GG Art. 14; Thüringer Tierkörperbeseitigungsgesetz (ThürTierKBG) vom 3. Dezember 1992 (GVBl. S. 566) § 7

 

Verfahrensgang

Thüringer OLG (Urteil vom 04.07.1995)

LG Erfurt

 

Tenor

Die Revision der Klägerin gegen das Urteil des Thüringer Oberlandesgerichts – 3. Zivilsenat – in Jena vom 4. Juli 1995 wird zurückgewiesen.

Die Klägerin hat die Kosten des Revisionsrechtszuges zu tragen.

Von Rechts wegen

 

Tatbestand

Der Rechtsvorgänger der Klägerin, der volkseigene Betrieb Futtermischwerk C., führte in den Betriebsstätten E. und S. für Teile des heutigen Landes Thüringen die Beseitigung von Tierkörpern durch. Im Zuge des Beitritts der DDR zur Bundesrepublik Deutschland wurde der VEB Futtermischwerk in die Klägerin, eine GmbH, umgewandelt, die die Tierkörperbeseitigung zunächst im bisherigen Umfang weiterbetrieb. Durch die Thüringer Verordnung über die Einzugsbereiche der Tierkörperbeseitigungsanstalten vom 15. März 1993 (GVBl. S. 234) wurde das gesamte Gebiet des Landes Thüringen auf die Tierkörperbeseitigungsanstalten in K. und in Sch. aufgeteilt.
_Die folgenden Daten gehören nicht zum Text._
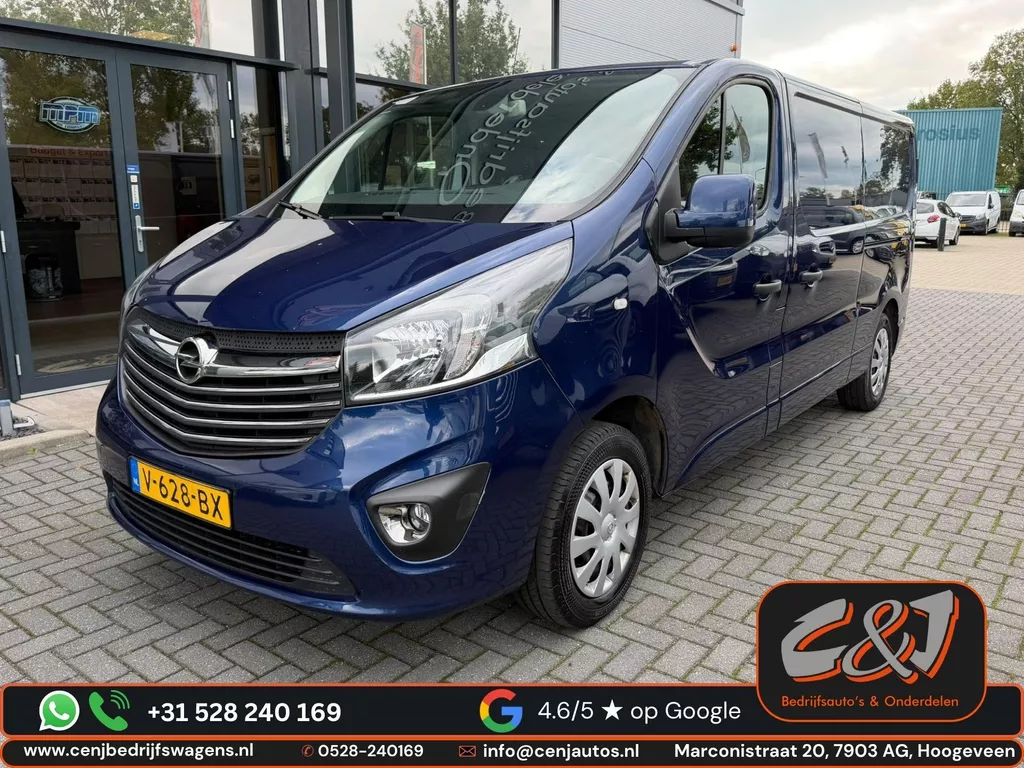 Opel Vivaro 1.6 CDTI L2H1 Sport hagelschade l airco l cruise l navi l camera l trekhaak l MARGE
Dadurch verloren gemäß § 6 des Thüringer Tierkörperbeseitigungsgesetzes vom 3. Dezember 1992 (GVBl. S. 566) die Betriebe der Klägerin in E. und S. die Eigenschaften als Tierkörperbeseitigungsanstalten. Die Klägerin stellte dementsprechend ab April 1993 die Tierkörperbeseitigung ein.

Die Klägerin verlangt wegen der Stillegung ihrer Tierkörperbeseitigungsanstalten von dem beklagten Freistaat Thüringen eine Entschädigung in Höhe von 5.830.674,81 DM nebst Zinsen.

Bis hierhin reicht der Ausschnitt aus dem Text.